While the ravages of the disastrous floods of 2010 were still apparent, the 2011 monsoon season, which started with a normal rain pattern, intensified from 10 August onwards and triggered severe flooding in various regions of the country, most significantly in Sindh and Balochistan provinces. In the worst-hit areas, including some of those also affected by the floods in 2010, more rain fell in one month than in an average monsoon season. Government data indicates a total of 9.2 million people were initially affected by the floods with a multi-sector needs assessment conducted in October 2011 finding 5.2 million to be in need. The assessment estimated that more than two months after the beginning of the floods, a third of the initially affected areas were still flooded.

Since the launch of the 2011 Pakistan Floods Rapid Response Plan on 18 September 2011, over US$ 162 million have been pledged to the humanitarian community – 48% of the US$ 357 million requested in the Rapid Response Plan for 2011 floods.

This Early Recovery Framework seeks a further US$ 439,813,059 million to fund a continuation of the response until September 2012, and enable the humanitarian community to support the Government of Pakistan in addressing the early recovery needs.

With receding floodwaters having enable over 1.2 million initially affected people to return to their villages or areas of origin, support for early recovery is critical in assisting people to rebuild their communities and restore their lives.

The main impact of the flooding in terms of early recovery is on housing and agricultural crops with 34% of affected families having lost their homes, and 33% of houses partially damaged. The assessment revealed almost 797,000 houses had been damaged, 328,555 of which have been destroyed.

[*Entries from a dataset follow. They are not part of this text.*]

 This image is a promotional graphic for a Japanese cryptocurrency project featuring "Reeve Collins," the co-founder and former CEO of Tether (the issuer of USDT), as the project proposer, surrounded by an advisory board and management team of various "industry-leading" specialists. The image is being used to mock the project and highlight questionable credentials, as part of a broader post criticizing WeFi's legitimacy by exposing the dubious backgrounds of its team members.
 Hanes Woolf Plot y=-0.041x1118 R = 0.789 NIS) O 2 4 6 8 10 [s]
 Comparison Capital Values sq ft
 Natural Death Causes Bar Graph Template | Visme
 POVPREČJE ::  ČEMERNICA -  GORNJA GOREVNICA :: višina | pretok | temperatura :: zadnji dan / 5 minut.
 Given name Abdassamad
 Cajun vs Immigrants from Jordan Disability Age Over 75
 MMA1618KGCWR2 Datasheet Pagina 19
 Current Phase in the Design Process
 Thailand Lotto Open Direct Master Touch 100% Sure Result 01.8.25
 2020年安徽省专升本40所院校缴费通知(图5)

Based on farmers estimates of losses gathered during the assessment survey, cotton has been the most affected crop (with 92% of production lost in some areas), with 81% of sugarcane production also lost in the flooded areas. Additionally, 57.4% of affected families reported losses of livestock either through death of animals or having to sell on animals for cash to support themselves during the crisis.

Furthermore, 40% of households reported that their main economic activity has been discontinued, whilst 48% reported economic activities disrupted.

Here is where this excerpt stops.